(Beginning of DATA LISTING)
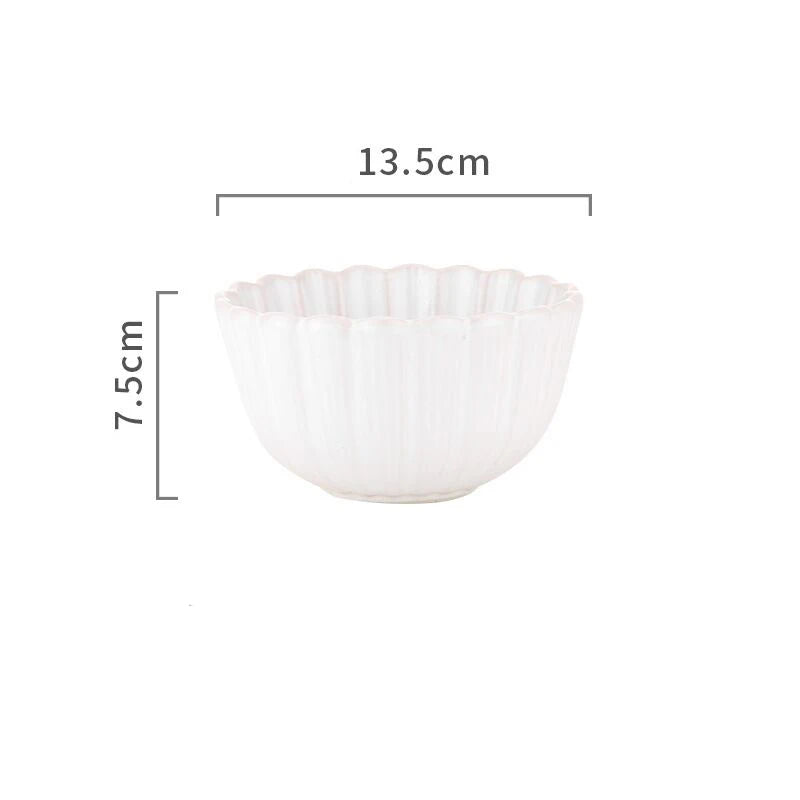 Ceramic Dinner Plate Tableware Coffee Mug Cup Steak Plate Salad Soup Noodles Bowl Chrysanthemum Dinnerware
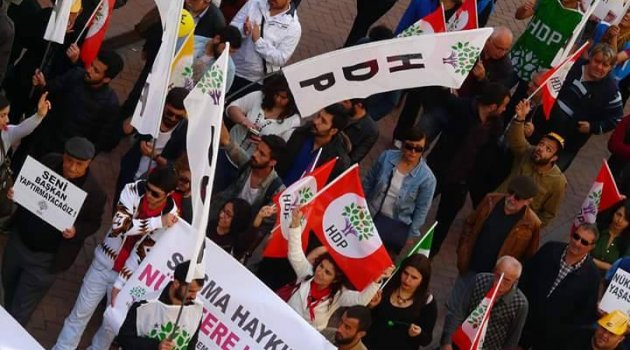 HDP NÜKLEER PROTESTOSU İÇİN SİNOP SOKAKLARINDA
(End of DATA LISTING)
(Beginning of DATA LISTING)
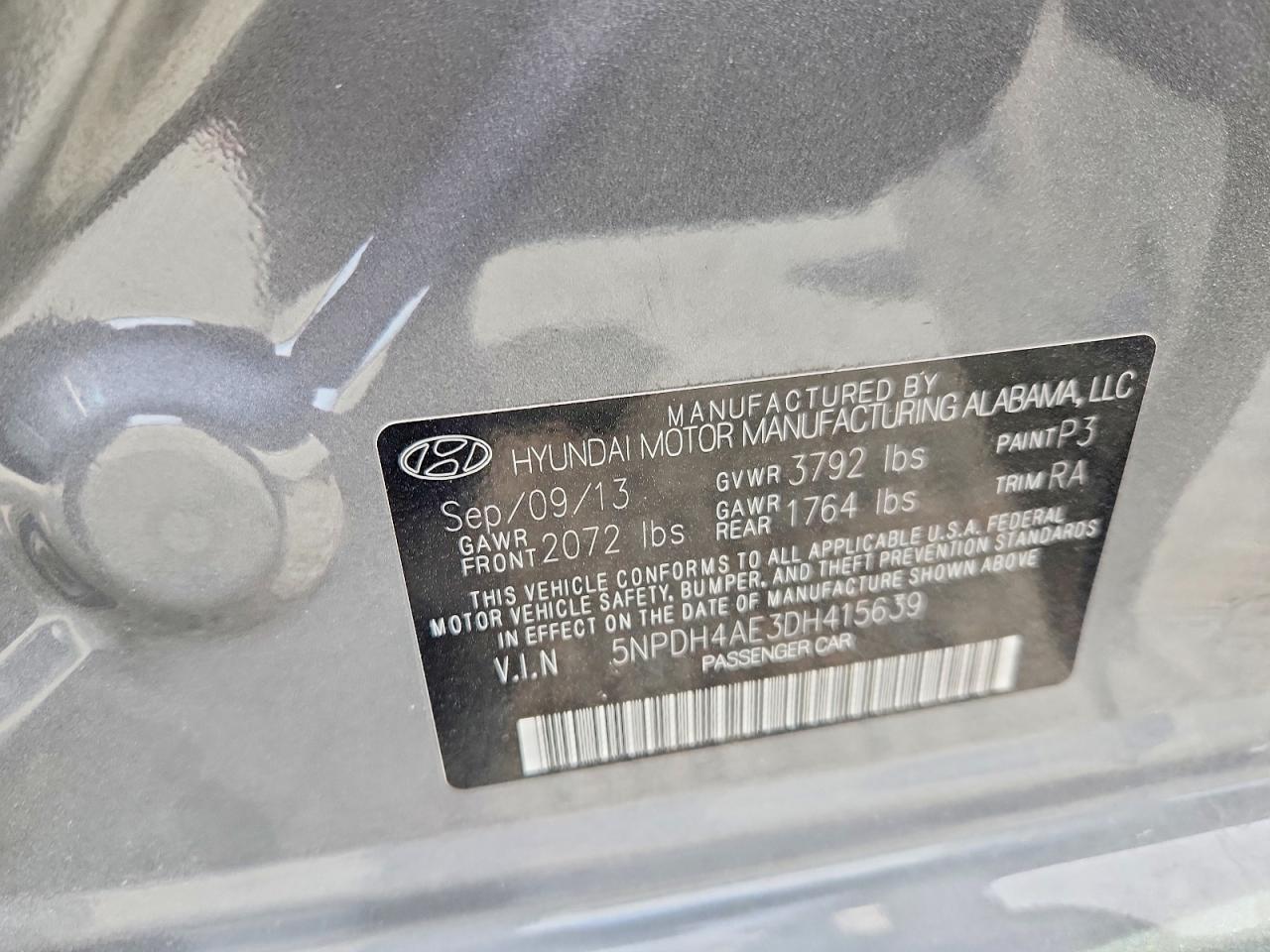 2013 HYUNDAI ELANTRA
(End of DATA LISTING)
• _BRIEF_:
Skipping every picture, transcribe exactly the lines above from the one containing "Ceramic Dinner Plate" through the one containing "HDP NÜKLEER PROTESTOSU", both included.

• _SOLUTION TO THIS PROBLEM_:
 Ceramic Dinner Plate Tableware Coffee Mug Cup Steak Plate Salad Soup Noodles Bowl Chrysanthemum Dinnerware
 HDP NÜKLEER PROTESTOSU İÇİN SİNOP SOKAKLARINDA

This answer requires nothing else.